Monday, October 17, 2011

  • Monday, October 17, 2011
  • Elder of Ziyon
From Al Arabiya:
In December 1998, former American President Bill Clinton was visiting the Gaza Strip with his then Secretary of State Madeleine Albright. Together with late Palestinian President Yasser Arafat and chief Palestinian negotiator Saeb Eriekat they listened to the story of a Palestinian girl called Nihad Zakout, whose father had been incarcerated in an Israeli jail for nine years.

The meeting ended with a tearful Clinton handing his handkerchief to the crying girl, patting her on the shoulder, and promising to do his best to release her father within a month at most — a scene that irked the Israelis a great deal.

The girl returned to her home at the Jabalia Refugee Camp and prepared to welcome her father back in the Eid ul-Fitr feast, since the meeting with Clinton had taken place at the beginning of the holy month of Ramadan.

However, that Eid ul-Fitr came and her father never showed up. Several other Eid ul-Fitr passed and Zakout only saw her father behind bars at the Nafha Prison in the Middle of the Negev Desert, 100 kilometers away from Gaza.

However, last week Zakout, now 24 years old and mother of two girls, learned she would finally see her father Mohamed, now 48 years old, being released from prison.

At the time [of her father's arrest], Nihad Zakout was two years old. When she heard that President Clinton was visiting Gaza, she wrote a letter to the Association of Palestinian Detainees expressing her desire to meet the American president.

“They told me he is the president of the world’s biggest country and that he can put pressure on Benjamin Netanyahu to release my father,” she wrote in her letter.

Three years after the meeting with the president, Palestinian director Saud Mehanna made a 10-minute film on Nihad Zakout and called it “A message to Clinton.” The film, whose cost reached $10,000, depicted the disappointment of a young girl waiting for a promise to be fulfilled.

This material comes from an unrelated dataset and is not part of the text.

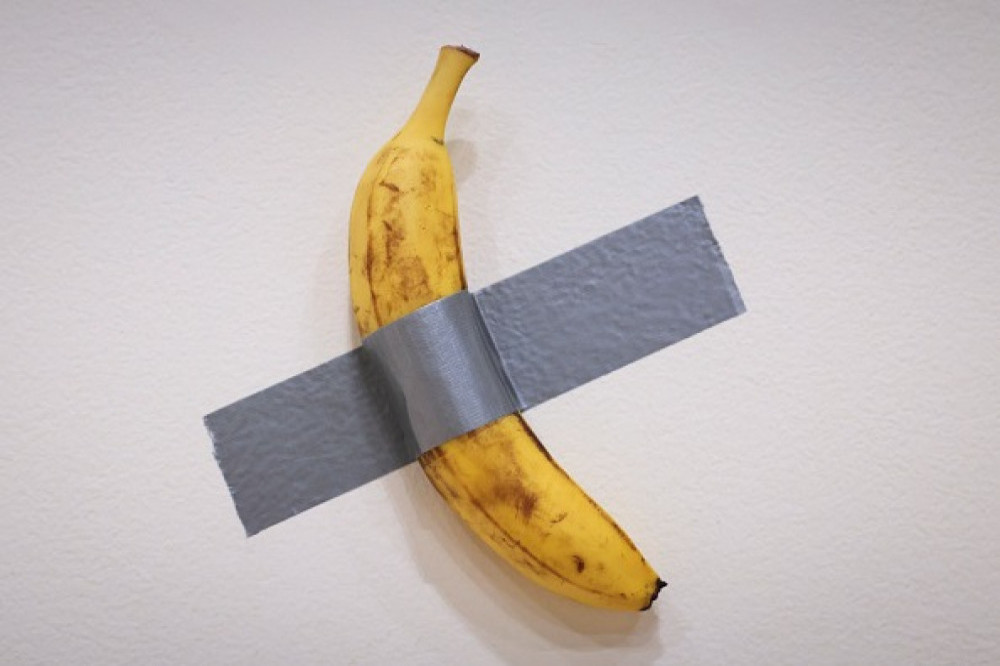 Maurizio Cattelan's Comedian artwork - a banana duct-taped to a wall - has sold for $6.2 million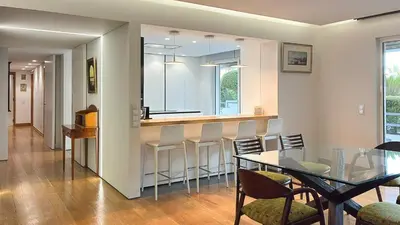a kitchen with a bar and a table and chairs at Refúgio Sereno Vilamoura T2 by HsR Vilamarina in Quarteira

Mehanna, 53, then translated the movie into English and sent a copy to the White House in the hope that Clinton might remember the promise he made before his term was over.

The movie, which took five months to make, was shot in Zakout’s house in the Gabalia Refugee Camp and featured the girl and her mother Maysara.
How poignant!

Al Arabiya, however, gives a brief description of what the poor girl's father did to land in prison to begin with:

Mohamed Zakout was a construction worker in Tel Aviv in the 1980s and was wracked with conflict about earning a living and taking part in the building of the country that killed and dispossessed his people.

That conflict saw him leave his work place on March 21, 1989 with a knife and stab in the neck the first Israeli his eyes fell on. The victim turned out to be the head of the Environment Association in Tel Aviv.

He then stabbed another Israeli, who also died, before stabbing a third in the back of his head and his spinal cord. He was arrested by the police.
Al Arabiya doesn't give all the details in this piece however. A 1998 article fills in some gaps:

What the 11-year-old didn't tell the president -- and what Clinton apparently didn't know -- was that her father, Mohammed, murdered an elderly Israeli scientist on his way home from delivering goods to the poor in the custom of the Jewish holiday of Purim.

In a speech before about 900 Palestinian leaders in Gaza, Clinton compared the pain of children like Zakout with that of children of victims of terror. The president said he had spoken to children from both sides of the Israeli-Palestinian conflict, and that their stories touched him deeply.

Israelis were furious. Clinton's comparison was denounced by Prime Minister Benjamin Netanyahu, Foreign Minister Ariel Sharon, the Israeli press and many others.

"I can say one thing," said Rami Schallinger, the son of the slain scientist. "President Clinton can in no way bring back my father to me."

Schallinger, a 41-year-old insurance broker, said he learned from a reporter that the girl with whom Clinton spoke was the daughter of his father's murderer. Mohammed Zakout is serving a sentence of life plus 25 years for the 1988 slaying of Dr. Kurt Schallinger, a professor of agricultural science.

"I was telling him [Clinton] that these people were defending their homeland. The Israelis keep saying we are terrorists," [11 year old Nihal] said in an interview last night from her home in the Jabaliya refugee camp in Gaza. "If we kill one of them, they are killing thousands of us. These people are heroes. They have defended their homeland. I want my father."

During the trial of his father's murderer, Schallinger learned that Zakout said he wanted to kill because he didn't want to see Jews happy at Purim, a festive holiday in which children dress in costumes and recall the deliverance of Persian Jews from death.

"I can just tell you this: My father was an old man and he was religious. The murderer didn't come in front of him and fight him," said Schallinger. "He came from behind with two knives. [My father] couldn't even see him. I can hardly call [the killer] a political prisoner. This is just a brutal murder. And to compare the pain of the victim with the pain of the son, I don't have enough words."
Multiple-murderer Mohammed Zakout is not one of the prisoners who will be deported to Turkey or Qatar. This despicable terrorist will return to Gaza where his daughter will welcome him home.